Oleh Nurul Jubaedah, S.Ag.,S.Pd.,M.Ag
Guru
SKI MTsN 2 Garut
Kabid
Humas AGERLIP PGM Indonesia
(Naskah
ke 277)
Ada ironi besar yang sedang
tumbuh diam-diam dalam dunia pendidikan Indonesia. Di satu sisi, negara bersiap
menghapus guru honorer di sekolah negeri mulai 2027. Di sisi lain, kampus terus
memproduksi ratusan ribu lulusan keguruan setiap tahun tanpa jaminan ruang
kerja yang nyata.
Masalahnya bukan sekadar soal
lapangan pekerjaan sempit. Persoalannya jauh lebih dalam: sistem pendidikan
berjalan tanpa sinkronisasi arah.
Guru honorer selama ini menjadi
penyangga utama pendidikan di banyak daerah. Mereka hadir ketika sekolah
kekurangan tenaga pengajar, ketika distribusi guru tidak merata, dan ketika
kebutuhan belajar siswa tidak bisa menunggu birokrasi.

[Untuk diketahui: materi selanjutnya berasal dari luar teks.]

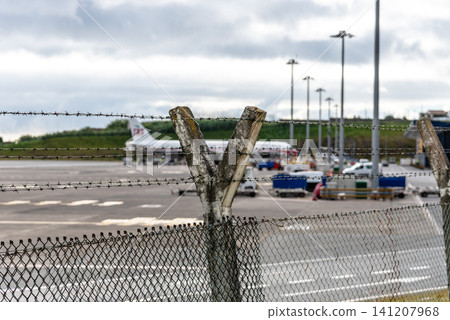 Airport Fence and Airplane Airport Fence and Airplane 141207968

Namun kini, ruang mereka
dipersempit oleh kebijakan penataan ASN dan PPPK.
Ironisnya, pada saat pintu
honorer ditutup, pintu fakultas keguruan justru tetap terbuka lebar.
Setiap tahun, hampir setengah
juta lulusan pendidikan lahir dari berbagai perguruan tinggi. Sayangnya,
kebutuhan guru baru tidak sampai sepersepuluhnya. Akibatnya mudah ditebak:
ribuan sarjana pendidikan akhirnya menganggur, bekerja serabutan, atau
berpindah profesi demi bertahan hidup.
Inilah wajah baru pengangguran
terdidik.
Lebih menyakitkan lagi, banyak
mahasiswa masuk jurusan pendidikan dengan harapan mulia menjadi guru. Namun
setelah lulus, mereka justru dihadapkan pada kompetisi formasi yang sempit dan
sistem rekrutmen yang tidak seimbang dengan jumlah lulusan.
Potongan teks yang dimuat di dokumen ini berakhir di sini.